Opinion
No. A-2729.
Opinion Filed September 24, 1918.
CRIMINAL LAW — Incriminatory Evidence — Claim of Privilege. Before any person can secure immunity under section 27 of the Bill of Rights of our Constitution, on account of incriminatory evidence given by him before any court of competent jurisdiction, such witness must have claimed his privilege of silence, and be denied that privilege by the court, and forced to testify over his objections, and must also in good faith disclose all the facts pertaining to the matter inquired about truthfully.
Appeal from County Court, Noble County; A. Duff Tillery, Judge.
James Tague was convicted of violating the liquor law, and appeals. Affirmed.
H.A. Johnson, for plaintiff in error.
S.P. Freeling, Atty. Gen., and R. McMillan, Asst. Atty. Gen., for the State.
The plaintiff in error, James Tague, was convicted at the February, 1916, term of the county court of Noble county on a charge of selling intoxicating liquor, and his punishment fixed at a fine of $50 and imprisonment in the county jail for a period of 30 days.
At the trial of this case the state introduced proof by two or three witnesses which disclosed the fact that they had gone to James Tague's place of business and gave him money with which to purchase whisky; that he told them he did not have any, but knew where he could secure it; that they should return about 1 o'clock, and he would get the whisky while he was gone to lunch. They went away, and returned about 1 o'clock, and the whisky was produced and delivered to them. Some of it they drank at the time and place and with the said Tague. It subsequently developed that these two men were employed by some local association to secure evidence against persons engaged in the liquor traffic. It also appears that at about the same time, or shortly thereafter, an inquisition was held by the county judge and county attorney, and the plaintiff in error brought before them and examined concerning his knowledge of the violation of the liquor law in Noble county. His counsel sought to have him exonerated from prosecution on the ground that the particular circumstances, with the transaction out of which this charge grew, were gone into by the county judge and the county attorney. No denial was made by the plaintiff in error that he had committed the acts complained of. No testimony was offered to exonerate him. He stood solely upon the proposition that, having been examined by the county judge and county attorney as an inquisitorial body, he could not be prosecuted; it being his contention that he had disclosed facts fully and without reservation to that tribunal. No showing is made that he sought to be protected by a claim of immunity, or that answers he was about to make to questions would tend to incriminate him. In fact, nothing was done to bring him within the provision of the law as announced in Scribner v. State, 9 Okla. Cr. 465, 132 P. 933, Ann. Cas. 1915B, 381. In that opinion it is said:
"Before any person can secure immunity under section 27 of the Bill of Rights of our Constitution on account of incriminatory evidence, given by him as a witness before a grand jury, or in any court, such witness must have testified under an agreement made with the prosecuting attorney, approved by the court, or such witness must have claimed the privilege of silence, which was by the court denied, and such witness must have been compelled by the court to so testify. * * *"

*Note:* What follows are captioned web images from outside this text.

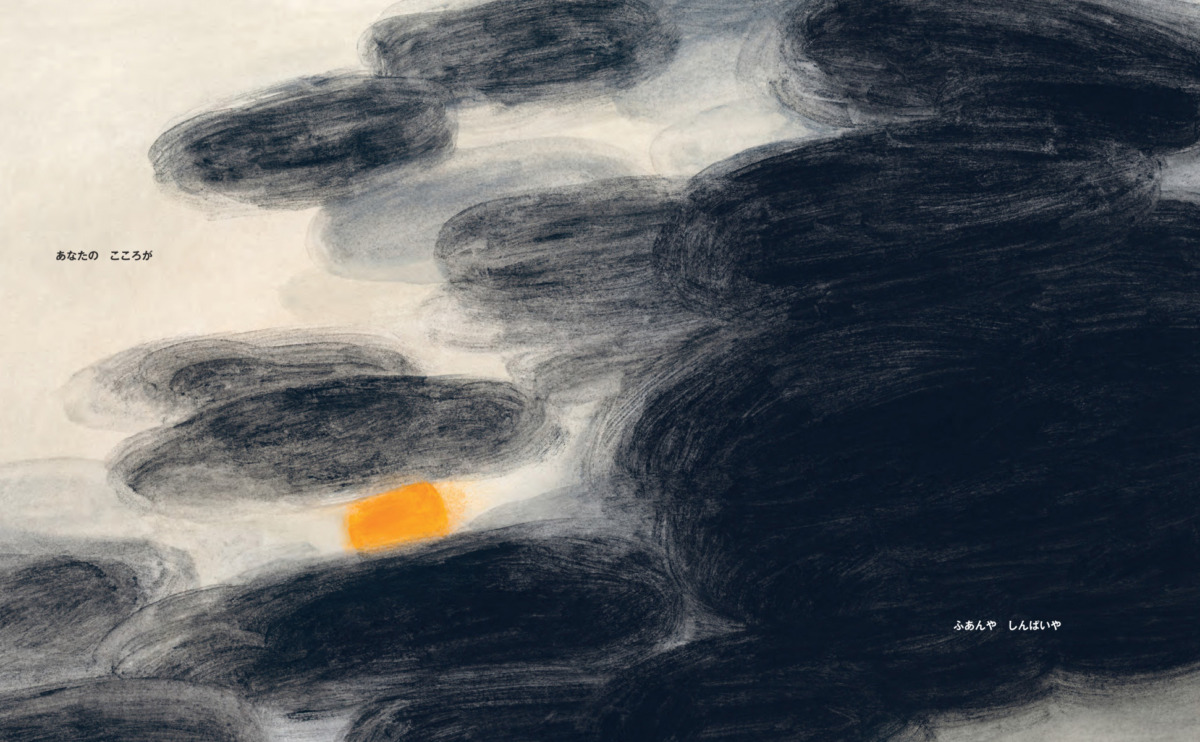 絵本「たった ひとつの ひかりでも」の中面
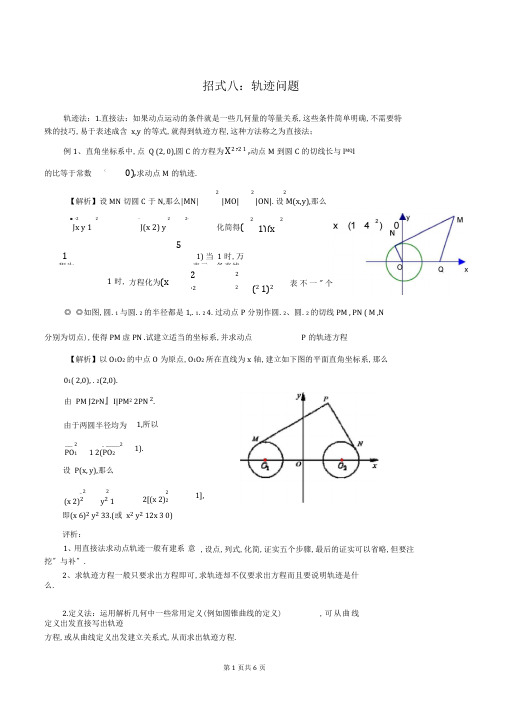 招式八：轨迹问题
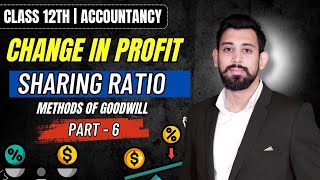 Change in Profit sharing ratio | RESERVES AND GOODWILL | Class 12 | Accountancy | Chapter 2 | Part 6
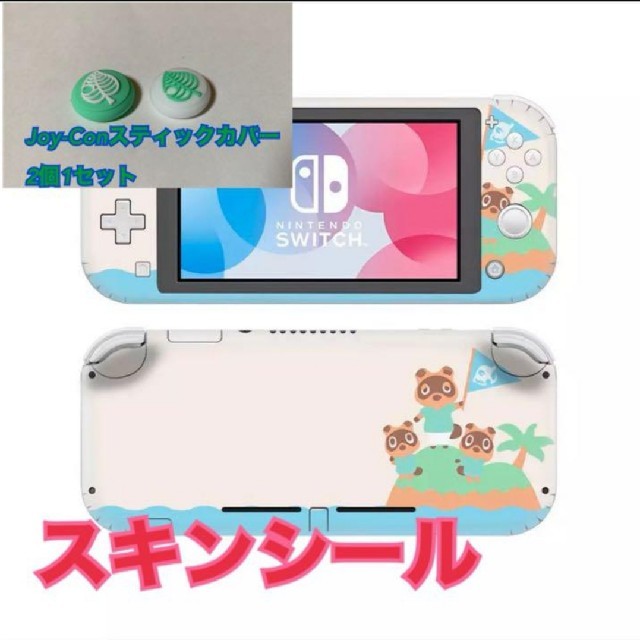 Nintendo Switch - スイッチ ライト スキンシール + ジョイコン
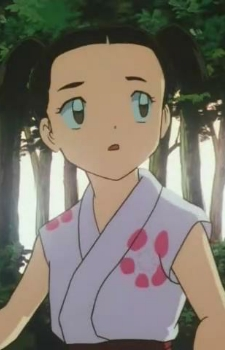 Koume {IY} Image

Under the doctrine laid down in that case, the plaintiff in error in the case under consideration is not entitled to relief at the hands of this court. He did not come within the rule there laid down. If he had desired immunity, or to refrain from disclosing incriminating facts, he should have claimed his right, and should have protected it to the extent of being forced by a judicial requirement to answer, as pointed out in the Scribner Case, supra. Having failed to do so, he is not entitled to prevail in his contention before the trial court in this cause.
No error appearing from the record, and the facts being sufficient to disclose a violation of the prohibitory liquor law under doctrine laid down in the case of Buchanan v. State, 4 Okla. Cr. 645, 112 P. 32, 36 L.R.A. (N.S.) 83, it follows that the judgment should be affirmed; and it is so ordered.
DOYLE, P.J., and MATSON, J., concur.